On 6/29/2014 3:25 PM, Chris Cain wrote:
> On Sunday, 29 June 2014 at 17:45:41 UTC, Nick Sabalausky wrote:
>> The crypto algorithms are very well defined and documented. You don't
>> need to understand the theory behind them in order to implement them.
>> You just need to be able to:
>>
>> - Read/follow the spec accurately
>> - NOT invent your own variants/algorithms
>> - Be pedantic about avoiding the normal sets of potential software
>> exploits (as you would with any software that handles sensitive data).
>> - Write/use sufficiently pedantic tests
>> - Be up-to-date on what's algos are considered outdated and
>> questionably secure.
>>
>> This is a standard "scientist vs engineer" issue. The crypto experts
>> are the scientists who figured it all out. We're the engineers who
>> take their information and use it.
>>
>> Obviously being well-versed in crypto theory *in addition* to
>> everything above is even better still, but it isn't essential. The
>> five critica above are essential.
>
> Of course, following all of those suggestions isn't trivial to begin
> with. Technically, you're right, but because what you said isn't easy to
> follow to begin with, it doesn't support the argument of "you can
> implement a crypto algorithm."
>[...]

Most of what you and Xinok said is certainly right. I was mainly 
objecting to the notion that having formal background in 
cryptographic-therory (or even an informal/autodidactic background in 
crypto theory, for that matter) is a particularly important part of 
implementing a crypto algorithm. (Although again, I'm not saying it 
couldn't be helpful).

Addressing things such as the various side-channel attacks are certainly 
important for a crypto lib, and non-trivial. But they are not directly 
part of cryptographic theory, nor is their importance limited to 
cryptographic algorithms (For example, thwarting timing attacks is a 
prudent measure even when comparing password hashes which have *already* 
been computed via the crypto hash algorithm).

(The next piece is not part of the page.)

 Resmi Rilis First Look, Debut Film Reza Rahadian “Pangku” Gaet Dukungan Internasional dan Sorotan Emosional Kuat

 > any implementation of any crypto
 > algorithm must, at minimum, be studied and criticized by several experts
 > in both crypto (to verify you're logically following the spec) and
 > experts in the language itself (to verify that what you have typed is
 > guaranteed to ultimately be accurately represented in machine code).

Sure, I can buy that.

Although, naturally, the only way to get such critical analysis 
performed on an implementation is to start by creating an implementation 
in the first place :) Gotta start somewhere.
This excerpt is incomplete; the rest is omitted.